Les onze comédiens du Conservatoire de Pantin Marie Exbrayat, Eli Fraysse, Margaux Ignesta, Esther Jallade, Jeanne Landreau, Enora Le Grand, Zélie Lejeune, Alexis Louet, Manon Roux, Yasmina Schindele et Idris Tararbit jouaient lundi dernier dans Les Grenouilles d’Aristophane dans le cadre d’un chantier de création. Accompagnés par Estelle Joubert, Macha Cottel et Boris Jacta dans la mise en scène, c’est une adaptation contemporaine de cette pièce datant d’il y a 2500 ans qu’ils ont choisi de présenter à l’occasion de trois représentations franciliennes. J’ai eu la chance de voir cette petite troupe jouer au Théâtre Berthelot à Montreuil.

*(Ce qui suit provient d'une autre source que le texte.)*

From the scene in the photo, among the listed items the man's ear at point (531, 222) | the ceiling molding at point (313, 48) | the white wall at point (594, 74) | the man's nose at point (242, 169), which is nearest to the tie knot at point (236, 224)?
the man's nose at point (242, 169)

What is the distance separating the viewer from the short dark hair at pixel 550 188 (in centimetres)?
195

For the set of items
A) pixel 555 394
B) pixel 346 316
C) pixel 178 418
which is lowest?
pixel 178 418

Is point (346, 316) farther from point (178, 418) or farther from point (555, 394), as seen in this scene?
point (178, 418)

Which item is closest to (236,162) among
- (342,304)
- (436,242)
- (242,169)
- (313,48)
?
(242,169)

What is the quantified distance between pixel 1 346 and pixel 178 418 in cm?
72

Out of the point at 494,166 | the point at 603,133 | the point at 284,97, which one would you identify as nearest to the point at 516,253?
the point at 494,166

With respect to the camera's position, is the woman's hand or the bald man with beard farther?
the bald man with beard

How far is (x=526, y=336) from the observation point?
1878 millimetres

Cette pièce comique raconte l’histoire de Dionysos, dieu de la fête, et de son ennui. Ne trouvant plus aucun poète divertissant chez les vivants, ce dernier décide de partir pour l’Enfer, demeure d’Hadès, afin de ressusciter son poète et ami : Euripide. Accompagné de son porteur Xanthias, la quête sera semée d’embuches. Nous devons le titre de la pièce « les grenouilles » à la scène du passage du monde des vivants à celui des morts, assourdissante du fait des croassements des amphibiens; en symphonie avec la célèbre musique Outta Space de The Prodige.

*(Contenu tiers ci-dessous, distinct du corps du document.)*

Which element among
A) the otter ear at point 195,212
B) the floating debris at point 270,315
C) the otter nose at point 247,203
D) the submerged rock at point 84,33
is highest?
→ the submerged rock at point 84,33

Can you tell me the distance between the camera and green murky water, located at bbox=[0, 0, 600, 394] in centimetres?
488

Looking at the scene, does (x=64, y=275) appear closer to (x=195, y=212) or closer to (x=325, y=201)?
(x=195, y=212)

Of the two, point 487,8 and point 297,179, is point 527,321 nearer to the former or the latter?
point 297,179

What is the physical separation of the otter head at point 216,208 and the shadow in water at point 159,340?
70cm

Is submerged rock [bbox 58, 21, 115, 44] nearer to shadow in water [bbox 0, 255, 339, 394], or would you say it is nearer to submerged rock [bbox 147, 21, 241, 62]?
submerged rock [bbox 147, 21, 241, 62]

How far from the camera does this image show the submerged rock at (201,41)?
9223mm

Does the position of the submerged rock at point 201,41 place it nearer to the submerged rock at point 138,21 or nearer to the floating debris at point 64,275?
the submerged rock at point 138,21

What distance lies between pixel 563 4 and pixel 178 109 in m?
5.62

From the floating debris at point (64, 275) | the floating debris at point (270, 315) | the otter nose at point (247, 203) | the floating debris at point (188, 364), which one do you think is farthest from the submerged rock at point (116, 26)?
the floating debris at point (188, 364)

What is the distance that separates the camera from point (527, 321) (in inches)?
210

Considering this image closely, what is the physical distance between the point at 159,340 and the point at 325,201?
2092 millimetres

La force de cette pièce de théâtre est sans doute son rythme. Chaque comédien incarne plusieurs rôles successivement, exigeant une certaine concentration de la part du public, facilitée par des transitions habilement amorcées à l’aide de costumes distinctifs et de signes simples. Par exemple, Xanthias serviteur de Dionysos, a un sac épais sur le corps qui semble l’écraser. Ou encore Euripide, au nom quelque peu compliqué, est étiqueté de son prénom : pas de doute; c’est écrit dessus !

Cependant, le fait que les comédiens échangent leurs rôles peut faire germer dans l’esprit du spectateur la possibilité d’une comparaison. Qui était meilleur dans ce rôle? pourquoi? Mais le plaisir de jouer se ressent chez chacun tentant de maintenir l’illusion théâtrale. Le quatrième mur est fragile; en arrivant dans la salle de spectacle les comédiens sont présents dans le public. Dionysos alors joué par Alexis Jouet rôde parmi les spectateurs, vêtu d’un tissu léopard, d’une paire de lunettes de soleil, d’un gourdin et d’une paire de talons. Qu’il est hautain! Que j’aime son attitude snob!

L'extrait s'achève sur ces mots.